---------- Information supplied ----------

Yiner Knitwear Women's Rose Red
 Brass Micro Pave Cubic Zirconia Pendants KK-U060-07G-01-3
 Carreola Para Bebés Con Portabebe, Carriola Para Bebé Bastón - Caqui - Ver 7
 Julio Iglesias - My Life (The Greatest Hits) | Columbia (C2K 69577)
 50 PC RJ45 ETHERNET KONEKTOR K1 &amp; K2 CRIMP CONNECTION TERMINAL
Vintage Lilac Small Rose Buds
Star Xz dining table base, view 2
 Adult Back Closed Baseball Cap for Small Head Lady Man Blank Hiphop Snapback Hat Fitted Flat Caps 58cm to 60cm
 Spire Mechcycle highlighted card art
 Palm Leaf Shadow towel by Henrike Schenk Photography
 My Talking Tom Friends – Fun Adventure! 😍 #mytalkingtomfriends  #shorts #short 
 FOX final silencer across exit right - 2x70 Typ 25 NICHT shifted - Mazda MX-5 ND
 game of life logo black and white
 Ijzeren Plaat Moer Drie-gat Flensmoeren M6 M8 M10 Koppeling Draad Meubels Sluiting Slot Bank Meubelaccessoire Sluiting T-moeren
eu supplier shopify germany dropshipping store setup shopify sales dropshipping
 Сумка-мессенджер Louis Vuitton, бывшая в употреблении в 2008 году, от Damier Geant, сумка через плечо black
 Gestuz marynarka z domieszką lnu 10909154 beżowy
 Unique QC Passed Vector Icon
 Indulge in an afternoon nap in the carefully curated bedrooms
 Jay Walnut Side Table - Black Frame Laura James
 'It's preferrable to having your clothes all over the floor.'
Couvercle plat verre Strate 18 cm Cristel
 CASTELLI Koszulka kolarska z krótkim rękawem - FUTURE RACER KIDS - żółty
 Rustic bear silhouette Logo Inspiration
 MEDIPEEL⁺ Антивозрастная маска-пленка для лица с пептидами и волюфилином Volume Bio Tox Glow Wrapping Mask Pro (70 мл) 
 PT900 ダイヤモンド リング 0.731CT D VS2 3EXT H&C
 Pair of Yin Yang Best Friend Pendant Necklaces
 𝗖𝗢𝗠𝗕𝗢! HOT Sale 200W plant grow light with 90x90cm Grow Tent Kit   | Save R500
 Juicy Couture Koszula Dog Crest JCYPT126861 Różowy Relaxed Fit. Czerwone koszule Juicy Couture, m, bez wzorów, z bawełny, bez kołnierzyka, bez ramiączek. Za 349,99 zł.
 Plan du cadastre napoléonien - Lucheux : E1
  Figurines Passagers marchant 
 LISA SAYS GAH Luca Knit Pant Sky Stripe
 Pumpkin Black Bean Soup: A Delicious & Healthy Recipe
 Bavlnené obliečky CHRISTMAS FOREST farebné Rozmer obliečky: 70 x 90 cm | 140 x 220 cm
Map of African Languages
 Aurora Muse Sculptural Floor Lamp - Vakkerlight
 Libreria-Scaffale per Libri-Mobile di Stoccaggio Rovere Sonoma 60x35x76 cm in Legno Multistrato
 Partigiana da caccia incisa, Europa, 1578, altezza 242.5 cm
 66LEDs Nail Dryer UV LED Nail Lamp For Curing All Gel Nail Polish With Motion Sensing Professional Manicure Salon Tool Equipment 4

----------

**What is needed**
Precisely reproduce the lines of the entries, beginning at the first and ending at the one containing "Star Xz dining table base, view 2". Add nothing.

**Exercise result**
Yiner Knitwear Women's Rose Red
 Brass Micro Pave Cubic Zirconia Pendants KK-U060-07G-01-3
 Carreola Para Bebés Con Portabebe, Carriola Para Bebé Bastón - Caqui - Ver 7
 Julio Iglesias - My Life (The Greatest Hits) | Columbia (C2K 69577)
 50 PC RJ45 ETHERNET KONEKTOR K1 &amp; K2 CRIMP CONNECTION TERMINAL
Vintage Lilac Small Rose Buds
Star Xz dining table base, view 2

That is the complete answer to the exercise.